Entity recognition
Entity recognition
Posted on: Thu, 07/01/2010 - 11:24
Hey,
after some more testing, I've noticed your entity recognition system falls back on text uppercase use. For example "Lady Gaga Bikes on the Street"* the entity "Lady Bikes"(Person) is extracted. When I lowercase that sentence, no entity is extracted.
Could you confirm this? Does the system take into account "alternative" names of entities (available via dbpedia)? What is the source for entities (wikipedia?)? How often is this reference set updated?
Thanks,
Yvo
* = I understand this example also introduces the issue with alternative names of entities, but I also find it everytime entities have persontype = unknown.

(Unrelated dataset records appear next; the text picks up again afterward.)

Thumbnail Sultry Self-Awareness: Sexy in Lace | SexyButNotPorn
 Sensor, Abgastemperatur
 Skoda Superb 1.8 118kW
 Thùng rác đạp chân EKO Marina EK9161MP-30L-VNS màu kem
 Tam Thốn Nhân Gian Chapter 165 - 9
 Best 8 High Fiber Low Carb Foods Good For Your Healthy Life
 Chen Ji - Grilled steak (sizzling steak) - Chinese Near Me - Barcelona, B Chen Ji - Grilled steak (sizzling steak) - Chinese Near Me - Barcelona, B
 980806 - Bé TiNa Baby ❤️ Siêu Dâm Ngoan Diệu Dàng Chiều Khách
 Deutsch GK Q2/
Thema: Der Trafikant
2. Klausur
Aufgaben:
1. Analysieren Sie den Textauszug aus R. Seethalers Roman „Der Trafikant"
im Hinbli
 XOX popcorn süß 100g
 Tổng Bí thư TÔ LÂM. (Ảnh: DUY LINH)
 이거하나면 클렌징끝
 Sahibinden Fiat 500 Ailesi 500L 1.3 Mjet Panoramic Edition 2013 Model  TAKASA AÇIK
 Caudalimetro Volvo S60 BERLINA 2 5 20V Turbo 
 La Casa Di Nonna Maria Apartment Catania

Trackback URL for this post:
http://www.opencalais.com/trackback/76337

Hi yvoschapp,
Calais uses natural language processing to parse entities from text. In other words given a piece of text, it parses the sentences, figures out the part of speech for words and then applies linguistic rules to determine if something is a person, company, etc. Sometimes it uses lexicons along with the rules to help determine the entity.
When you submit lower case text, the part of speech recognition breaks, for example, it cannot say if a given word/phrase is proper noun and hence cannot tell whether the phrase is person (as in your case) or company. Text submitted with all words upper case will have similar problem. Regular/sentence case is ideal.
Regarding your question about updating reference sets - as mentioned above Calais doesn't completely rely on lexicons/lists from wikipedia or other sources, it sometimes uses them in combination with rules to enhance extraction. The lexicon files that we have are updated in every release.
sumit